Let’s give this thing a chance to change us for the better.
Your dinner is not interesting. Even with a Valencia filter on it. Your dog? It was interesting for the first couple photos. Not anymore. And there are only so many Macbook and latte #homeworksesh photos I can look at before I snap my phone in half.
Then why do we do it? We all rant about the clichés of Instagram—the typical photos that are always posted. Then we turn around and snap the exact same thing and wait around jumping at every ‘like’ that buzzes our pocket. We do it because deep down, every single one of us wants to be an artist. We are divinely designed to appreciate beauty in the world, and that experience is a brief glimpse of the divine. Don’t take that the wrong way, I’m not saying that your photo feed is a transcendent journey into the realm of the supernatural, but at least now you know what to look for.
I downloaded the Instagram app the day it came out. However, I didn’t use it for about a year because what’s the point of sharing when there is nobody else to share with? Soon enough the masses started to join and Instagram came into its own. But what exactly is that?
For years, people didn’t really know what to do with digital photography. Yeah, it was cool to see your photo on a screen right after it was taken; then we put them in slideshows, and inflicted people to hours-long presentations of our five day trip to Mexico. Next, the internet came along and suddenly people had a place that they could show off their images, and we could look at them at our own leisure. We could make the slideshow go by quickly, and we could tell our friends that we went through it slowly. Everyone was happy.
The problem was that the limitlessness of the internet gave birth to a limitlessness of atrocious photos. We were so eager to share, we didn’t really give any concern for how good it looked. It wasn’t even quality versus quantity. It was just quantity. Not only that, but these quantities were being taken on crappy point-and-shoots or even crappier ‘not-so-smart-phones.’ Photography had become a sharing phenomenon again, but no one pretended it was beautiful.
Even though technology had brought us to an age where everyone can have a camera at all times, it was only the professionals with Canons and Nikons that were giving us any sort of quality. A hierarchy still existed in the photography world.
Then came the iPhone. At first, it wasn’t anything special. The first iPhone camera was two megapixels with no auto-focus. I’ve seen more clarity through my rain-smeared glasses, out of my frosted-over windshield. But it didn’t take long. Soon the quality of photos people could take straight out of their pockets was actually reasonable. We had the camera, we just didn’t think we were photographers yet.
That’s when Instagram stepped in.
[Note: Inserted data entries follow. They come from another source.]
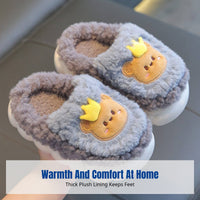 Cute Bunny Winter Kids Slippers, Plush Lined, Non-Slip, Thick Sole, Indoor Warm Home Shoes, Parent-Child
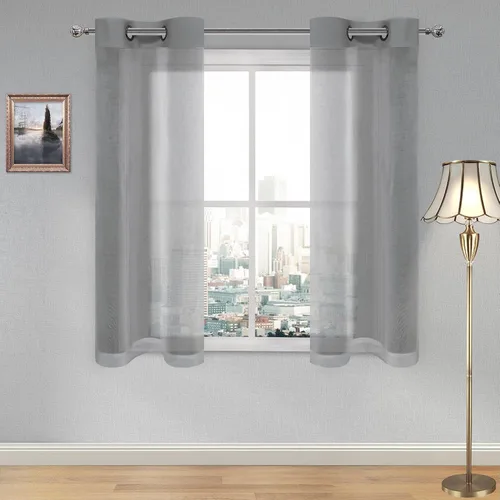 Vista 154 de DWCN Cortinas traslúcidas color verde frijol para sala de estar y dormitorio - Cortinas voile con aspecto de lino sintético con ojales en la parte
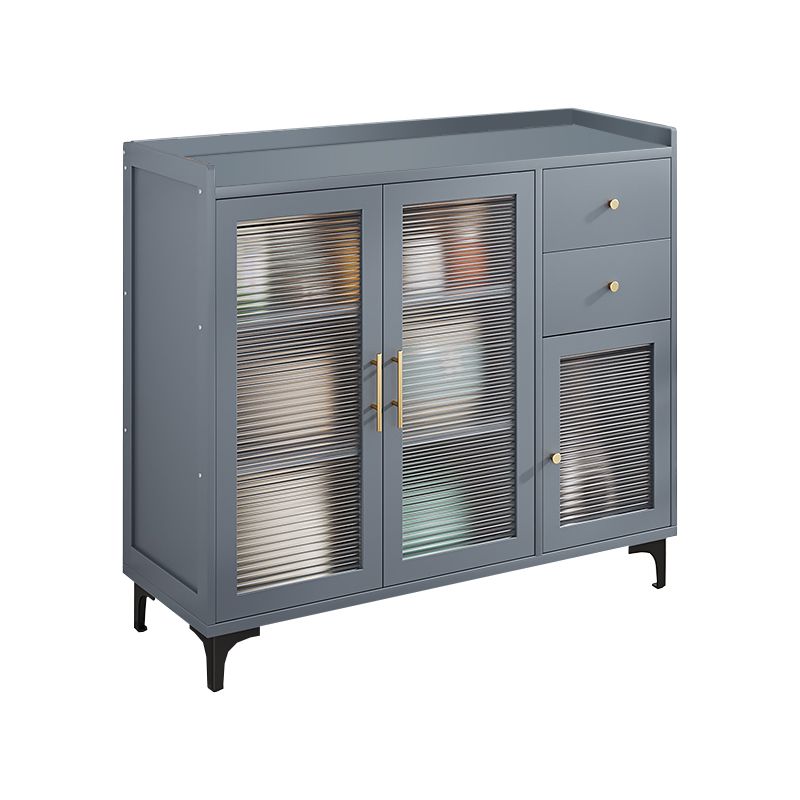 Server di pranzo in bambù di buffet grigio con spazio per la sala da pranzo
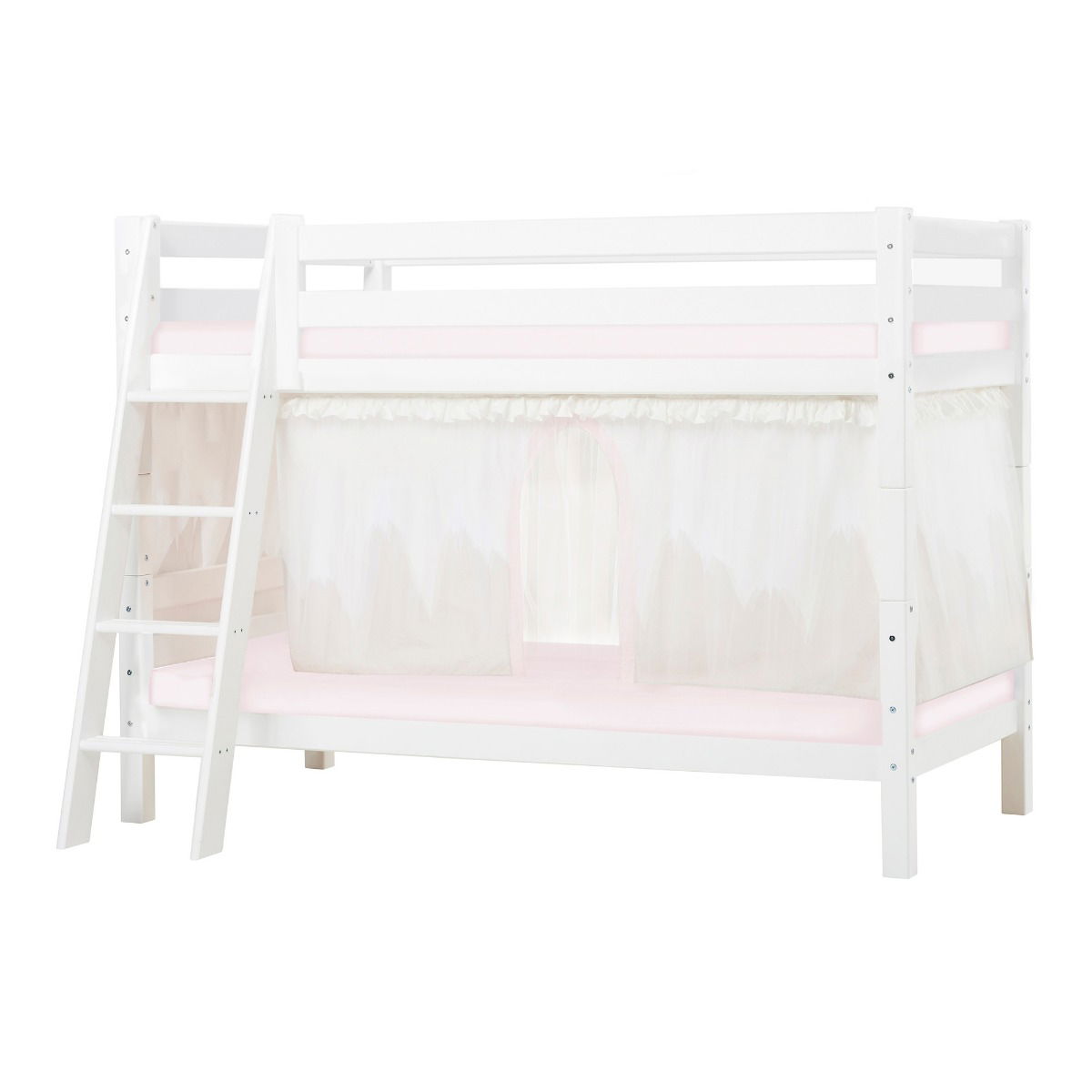 BUNDLE ECO Luxury Etagenbett 90x200 cm mit schräger Leiter mit WINTER WONDERLAND Vorhang und Schaummatratze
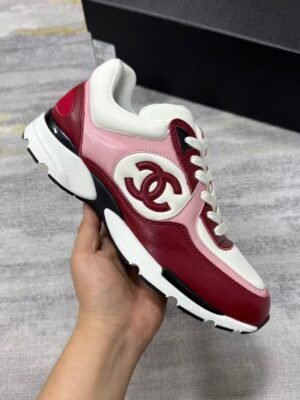 Chanel CC Logo Runner Sneakers Mesh - Pink Burgundy White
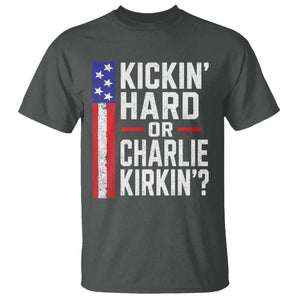 Funny Kickin Hard Or Kirkin US Political T Shirt Vintage American Flag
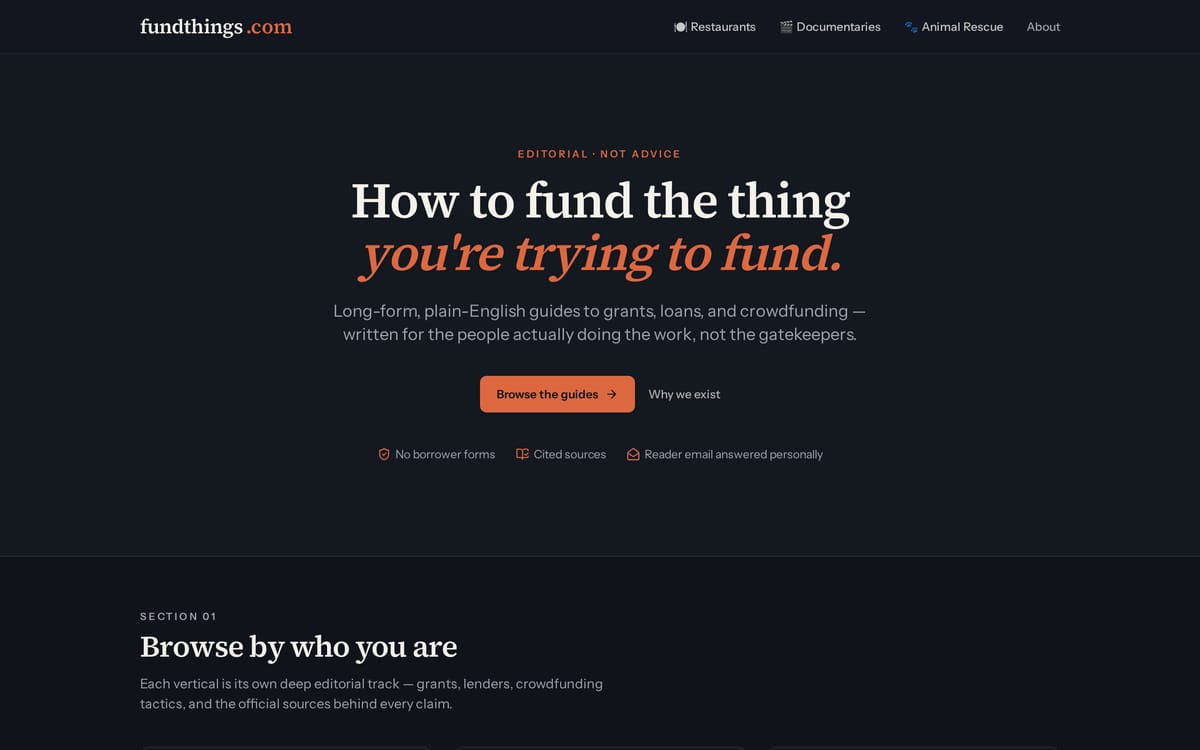 fundthings.com website, designed and built by MySiteHandled.com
With sharp vignettes and warm filters, we have been tricked into thinking we’re all Ansel Adams. Of course, comparing ourselves to one of the 20th century’s greatest photographers would border on sacrilege, but to some degree it’s the truth. From an artistically critical perspective, 9 times out of 10 we are still uploading poor quality photos, but there has been a shift in the way we look at our world.
Our eyes have been trained to the beauty around us in a way humanity has not previously seen. We used to rely on National Geographic to capture beauty with a lens. Now anyone with a $200 smartphone and a finger to click believes they can do it, and, really, that’s all it takes to start: the confidence that when we click the button something good will come out the other end.
Further than that, we now spend more time than ever simply scrolling through photos. Waiting for the bus, waiting for the movie, waiting for real life to continue, we pull out our phones and scroll through example after example of the good, the bad, and the beautiful. They say it takes a certain amount of hours to become an expert in something. Well, those hours are sure getting eaten up fast when every waking moment is spent on Instagram. We see photos we ‘like’ and ones that we don’t. Soon our own personal abilities get shaped by the things we see, and before you know it, we are actually creating beautiful things like never before.
Suddenly our entire life is an opportunity to create art. The thing is, it already was. We just needed the spark of inspiration to make us realize it.